Niacin is one of five nutrients (together with thiamin, riboflavin, iron and folate) whose addition is mandatory in all enriched flour and flour products. The enrichment is required under the law because flour products, particularly bleached white flour products, lose a lot of essential vitamins and minerals during processing. The standardized flour enrichment dramatically reduces the occurrence of inadequate intake of these five nutrients. Among all Americans older than 2, less than 2 percent get too litle niacin; 2 percent get too little riboflavin; 6 percent get too little thiamin; 7 percent get too little iron; and 11 percent get too little folate.

The low occurrence of inadequate intake of the nutrients added to processed grain products testifies to the success of the currently mandated flour enrichment policy (Yamini 2012). However, food manufacturers add much higher amounts to many processed foods than is required by law. EWG identified 20 cereals that add 100 percent of the adult Daily Value for multiple vitamins and minerals in a single serving. Sixty-seven percent of cold cereals and 64 percent of instant hot cereals fortify niacin to 20 percent or more of the adult Daily Value. As a result of this excessive fortification, nearly 5 million children ingest niacin in amounts exceeding the tolerable upper intake levels set by the Institute of Medicine.

Vitamin A

Some Americans get too much Vitamin A while others get too little. On one side, more than half of American adults and American teenagers have low dietary vitamin A intake (Berner 2014; Fulgoni 2011). On the other side, at least 13 percent of children 8 and younger ingest vitamin A in amounts exceeding the tolerable upper intake level set by the Institute of Medicine. Adequate intake of vitamin A is essential for good health, but excessive intake of preformed vitamin A from fortified foods and supplements are dangerous for infants, children, pregnant women and older adults. The difference between the necessary and the toxic amount is smaller for vitamin A than for many other vitamins.
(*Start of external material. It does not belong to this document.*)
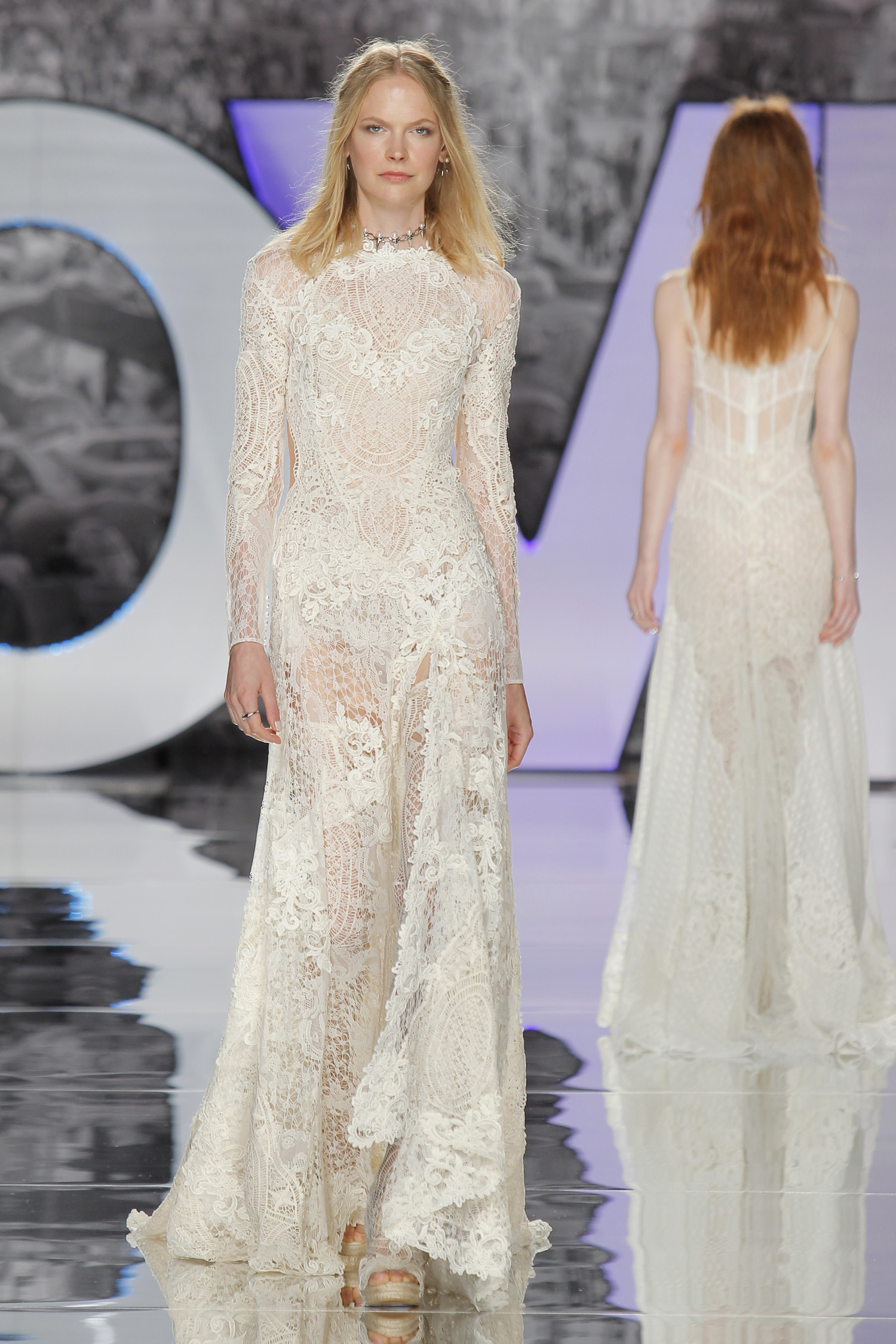 YolanCris. Credits: Barcelona Bridal Fashion Week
Standardized vitamin-A fortified foods such as milk and butter spreads can be a good vehicle for providing the necessary amounts of vitamin A to people who might lack it in their diet, but great care must be exercised to avoid excessive vitamin A in children. The safest way of getting vitamin A is in the form of provitamin A carotenoids found in bright orange and yellow vegetables, tomatoes and green leafy vegetables (Tanumihardjo 2013). In contrast, eating cereals or snack bars with high levels of preformed vitamin A such as retinyl palmitate or retinyl acetate can easily lead to excessive exposures in young children and pregnant women.